OMF has now published a transcript, available here: https://www.omf.ngo/2018/06/06/mark-davis-research-update/transcript-dr-mark-davis-update-june-2018/
I didn't know that. But presumably it's still a sign of immune action? Earlier during the Stanford symposium, Mark Davis showed clonal expansion in CD4 cells for colon carcinoma taken from diseased tissue vs no expansion in adjacent healthy tissue. But I think the MS results were from blood, same as mecfs. So presumably that means it is more likely to be expansion in response to a specific trigger. I'd also thought that hard evidence for molecular mimicry was thin on the ground. Not so much, if I remember right. The main thing is that they are expanding and pursuing this work, and it sounds like the antigen-discovery work will take a while.

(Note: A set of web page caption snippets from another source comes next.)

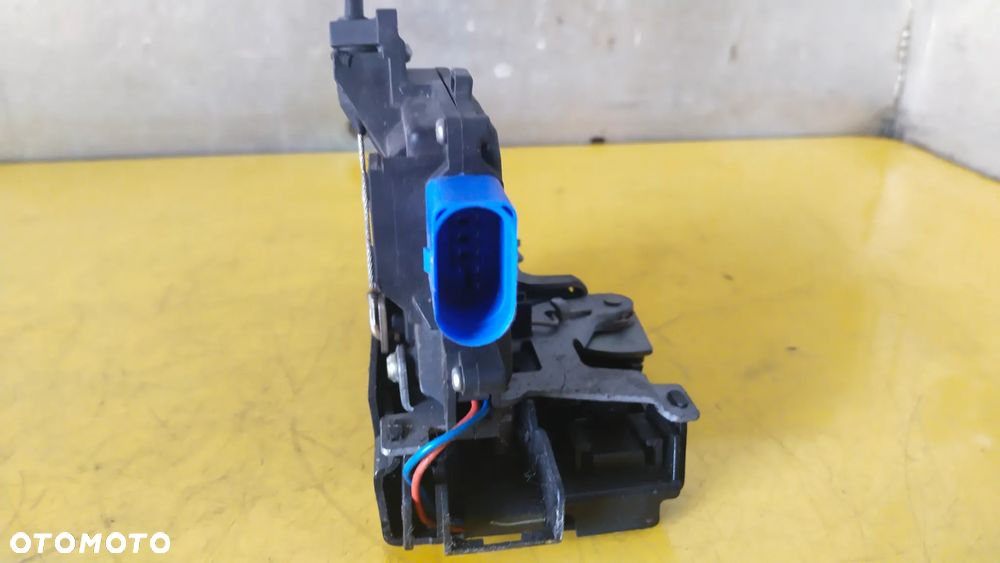 VW ZAMEK DRZWI LEWY PRZÓD 3D1837015AB - 4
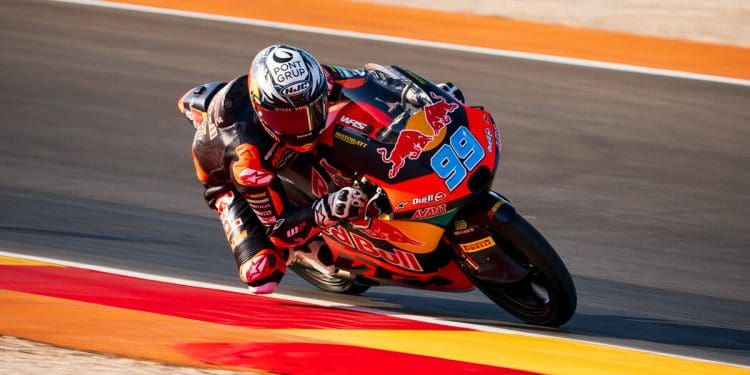 Jose Antonio Rueda faz história e estreia-se a vencer no mundial de Moto3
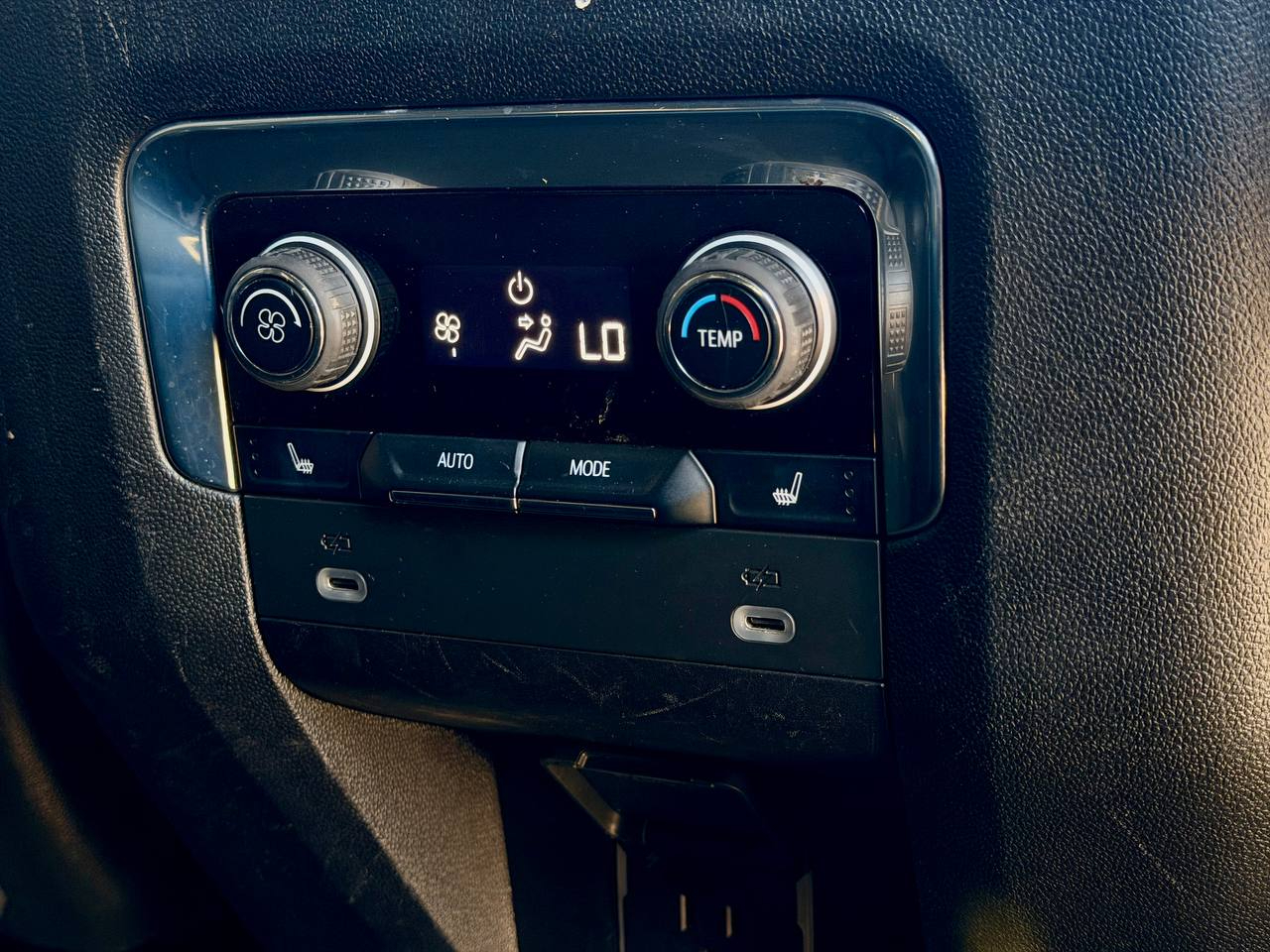 Chevrolet Suburban 1500 LT 2023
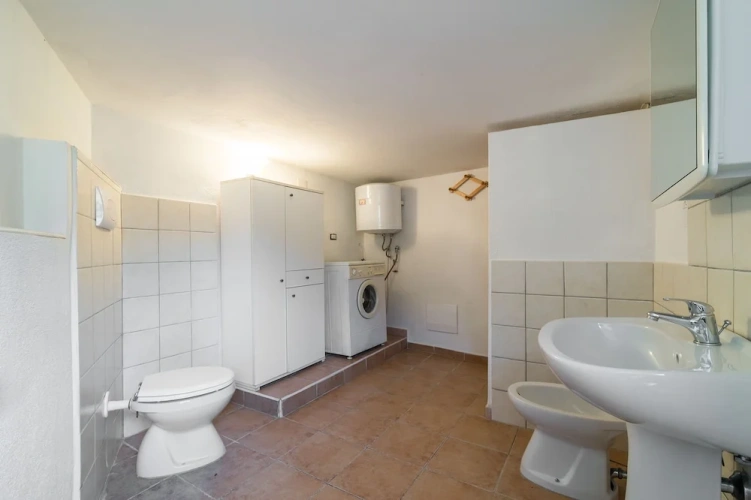 4 Bedrooms Apartment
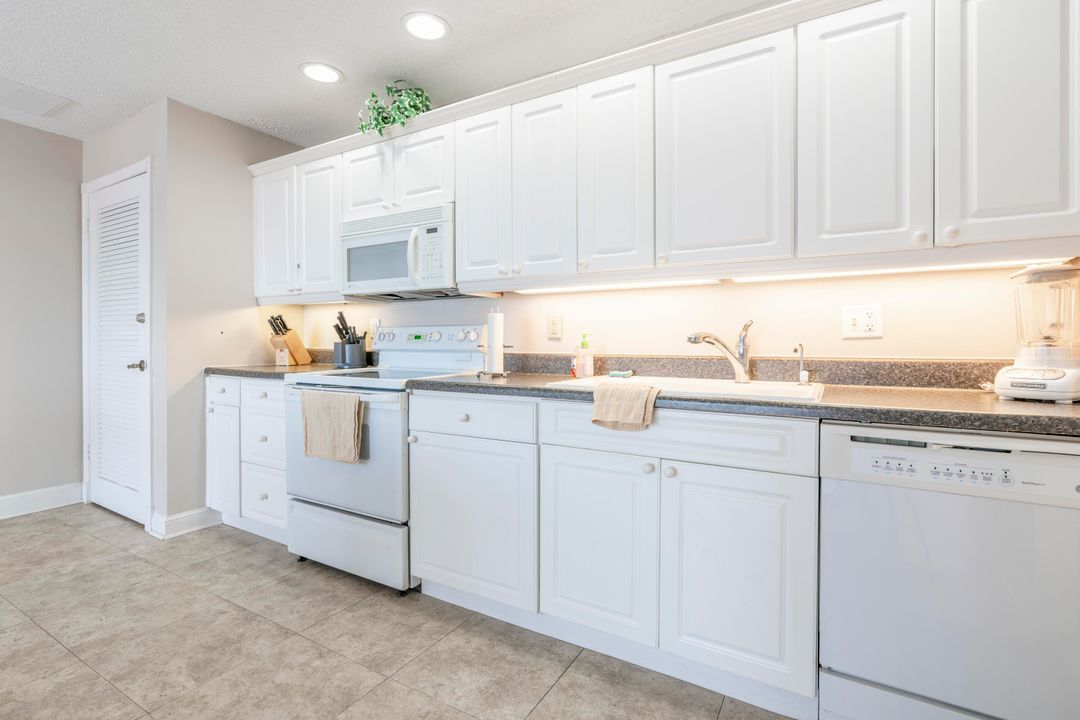 For Sale: $550,000 (2 beds, 2 baths, 1561 Square Feet)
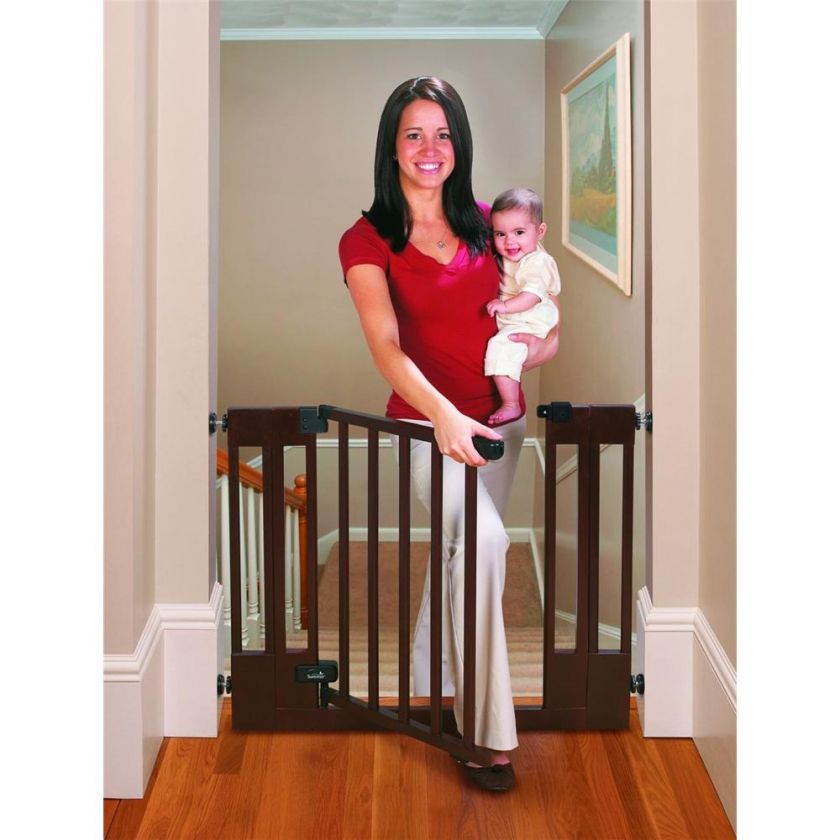  Sure & Secure Deluxe Top of Stairs Wood Gate   Color Brown/Tan   New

Just wondering if anyone has any recent news about the t-cell clonal expansion finding from Mark Davis, or any news from Chris Ponting about its replication. @Jonathan Edwards expressed some scepticism about the finding on another thread today, on the basis I think, that there had not been proper controls (although Mark Davis does mention that the finding is from blood samples of people with 'chronic fatigue' vs those from healthy controls @ 1:30 on the video in the first post of this thread) and also that he didn't think anything had been published yet. The t-cell clonal expansion finding was something that I felt a bit hopeful about. It will be shame if it doesn't pan out; but good to hear any news either way.